Jumat, 14 Maret 2014

Proses Negatif-Positif


Proses Negatif-Positif

Film berwarna mempunyai tiga lapis emulsi yang mengandung perak halida yang masing-masing peka akan cahaya biru, hijau dan merah. Berbagai benda yang di potret warnanya akan memantul ke lensa dan terus ke film, lalu merangsang satau, dua ataupun ketiga lapisan emulsi film itu.
Selain perak halida, ketiga lapisan itu mengandung bahanpembentuk warna yang disebut “Coupler” (baca: kopler). Kopler pada lapisan emulsi pertama yang peka akan warna biru membentuk bahan warna lawannya yaitu kuning. Kopler di lapisan kedua yang peka akan warna hijau akan membentuk bahan warna lawannya yaitu magenta. Dan kopler lapisan ketiga yang peka akan warna merah akan membentuk warna lawannya yaitu Cyan.

Terjadinya negatif warna (terjadinya negatif)

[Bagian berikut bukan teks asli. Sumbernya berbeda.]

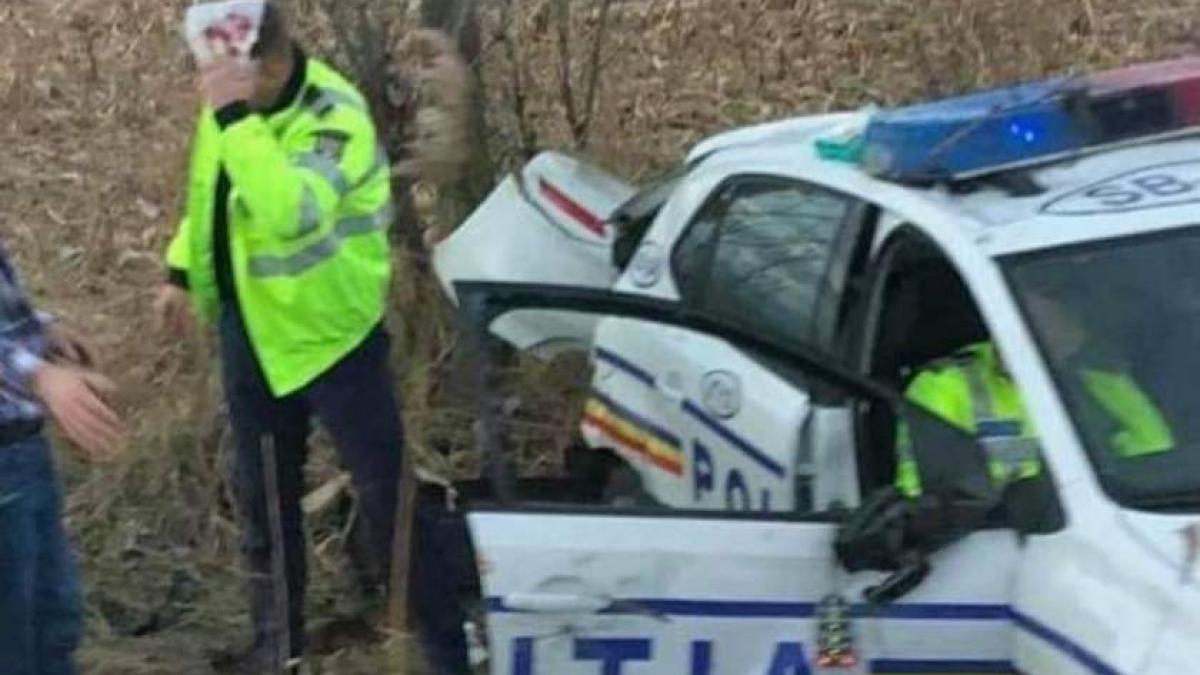 accident grav pe dn 1 doi agenti de politie au fost raniti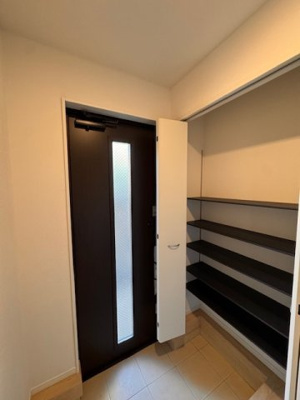 【玄関】 | Cradlegarden西区比良第16全5棟【仲介手数料無料　比良小　山田東中】 | 新築戸建の事はマックバリュで住まい相談へお任せください。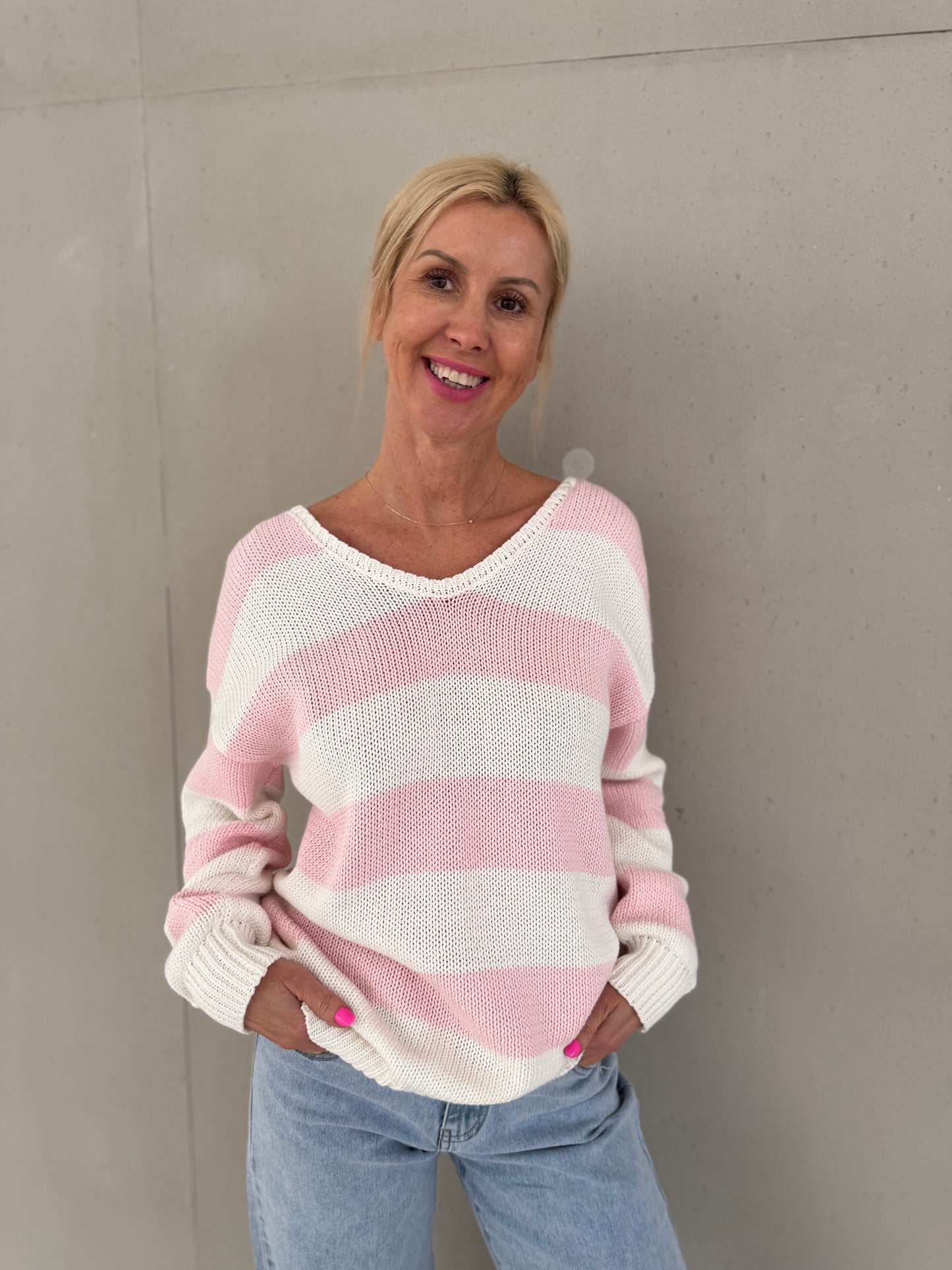 V-Ausschnitt Pullover creme/rosa gestreift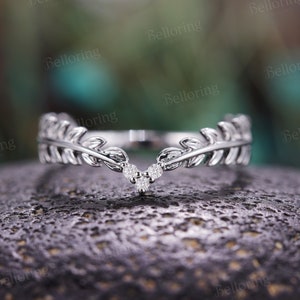 Anillo de bodas vintage curvo con diamantes y hojas de oro blanco, apilable, único y delicado, estilo art déco a juego, anillo de promesa para aniversario.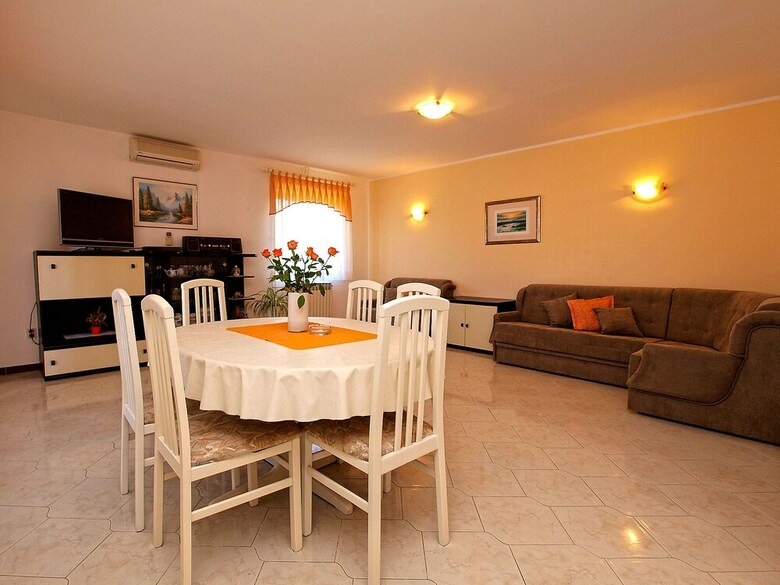 Apartment 827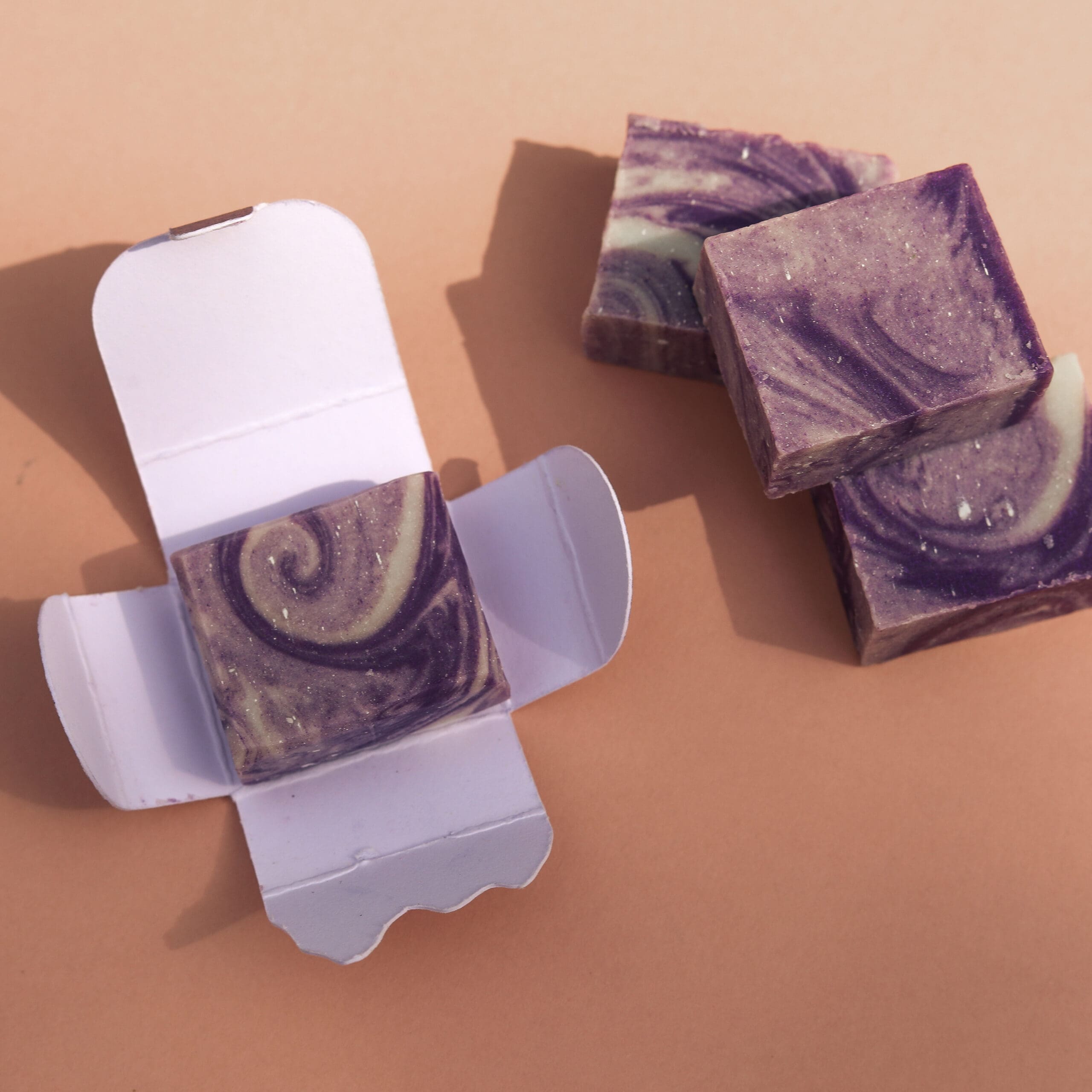 Mini lavender soaps for guests - Image 4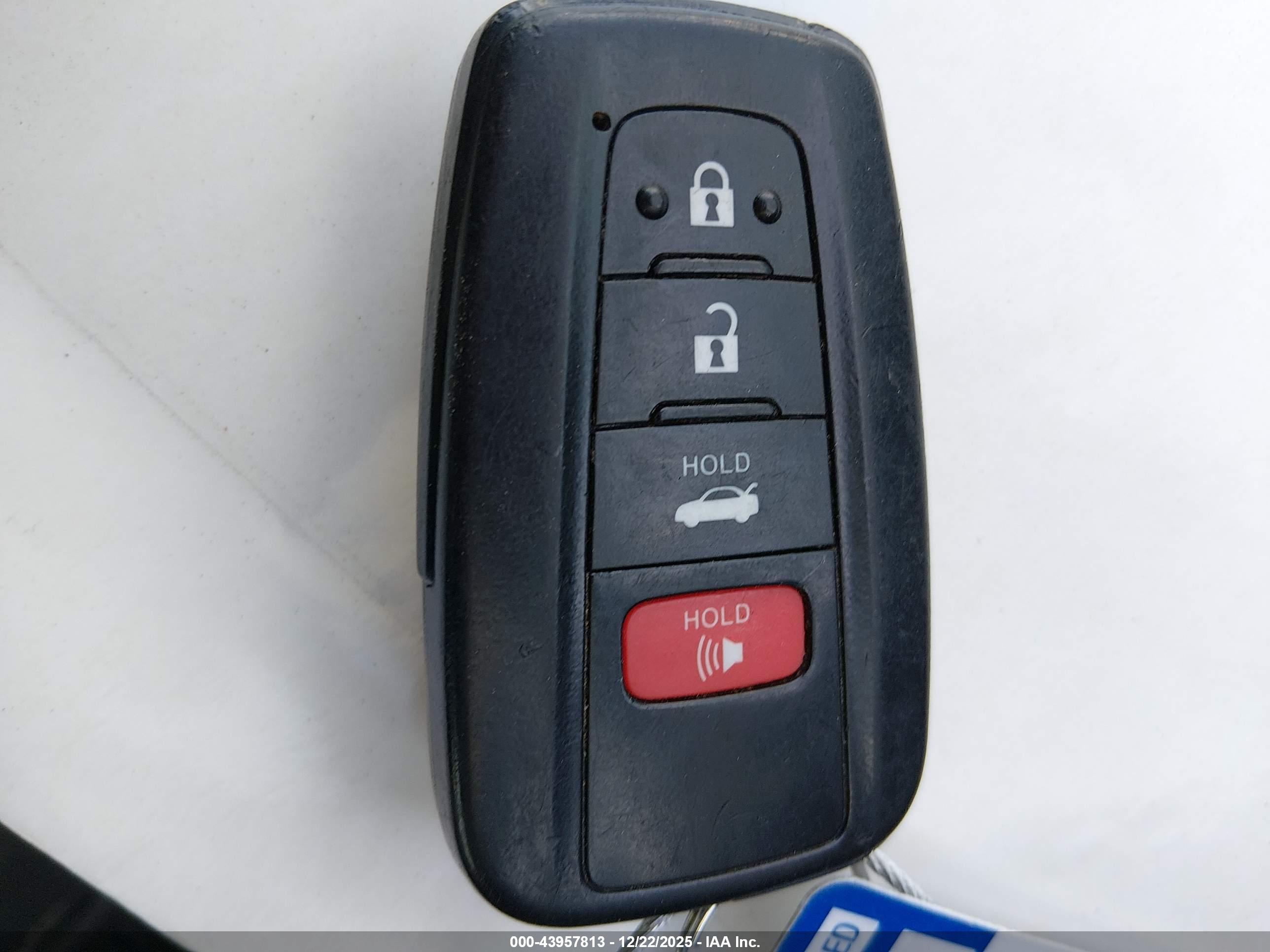 TOYOTA CAMRY image 11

1. Warna-warna yang di potret berturut-turut dari kiri ke kanan: b (biru), h(hijau),m(merah), k(kuning), m(magenta), c(cyan), p(putih) dan h(hitam).
2. Tiga lapis emulsi yang mengandung perak halida dan kopler : lapisan atasnya peka biru, lapisan tangah peka hijau dan lapisan bawah peka merah. Yang terjadi setelah penyinaran, dari kiri ke kanan : cahaya biru merangsang perak halida peka warna biru, cahaya hijau merangsang perak halida peka warna hijau dan cahaya merah merangsang perak halida peka warna merah. Cahaya  kuning (hijau + merah) merangsang perak halida yang peka hijau dan merah. Cahaya magenta (biru + merah) merangsang perak halida yang peka biru dan merah. Cahaya cyan (biru + hijau) merangsang perak halida yang peka biru dan hijau. Cahaya putih (biru + hijau + merah) merangsang perak halida yang peka biru, hijau dan merah. Cahaya hitam tak berwarna. Oleh karena itu, tidak merangsang ketiga lapisan emulsi.
3. Perak halida yang terangsang membentuk gambar laten.
Tahap 1 sampai 3 terjadi setelah pemotretan.
4. Setelah film di cuci dengan obat pengembang, pada semua gambar laten terjadi pembentukan logam hitam, sekaligus dengan adanya kopler disitu terbentuk pula bahan warna negatif dari objek yang dipotret berturut-turut dari kiri ke kanan : K (kuning), M (magenta), C (cyan), M (magenta) + C (cyan), K (kuning) + C (cyan), K (kuning) + M (magenta), K (kuning) + M (magenta) + C (cyan). Pada petak terakhir tidak terbentuk warna apapun.
5. Dengan obat pemucat-penetap dilarutkan sisa-sisa perak halida dan perak logam yang tidak diperlukan, sambil menetapkan warna-warna yang telah terbentuk. Akhirnya, dengan air bersih semua larutan dihanyutkan. Maka tinggallah warna-warna yang sudah terbentuk. Dari kiri ke kanan : K (kuning), M (magenta), C (cyan), M (magenta) + C (cyan), K (kuning) + C (cyan), K (kuning) + M (magenta), K (kuning) + M (magenta) + C (cyan). Pada petak terakhir tidak terbentuk warna apapun.
6. Negatif yang sudah jadi itu kalau dilihat melalui cahaya putih menggambarkan warna-warna lawan atau warna- warna negatif dari warna-warna yang di potret yaitu : Kuning (lawan biru), Magenta (lawan hijau), Cyan (lawan merah), Biru (lawan kuning), Hijau (lawan magenta), Merah (lawan cyan), Hitam (lawan putih) dan Putih (lawan hitam).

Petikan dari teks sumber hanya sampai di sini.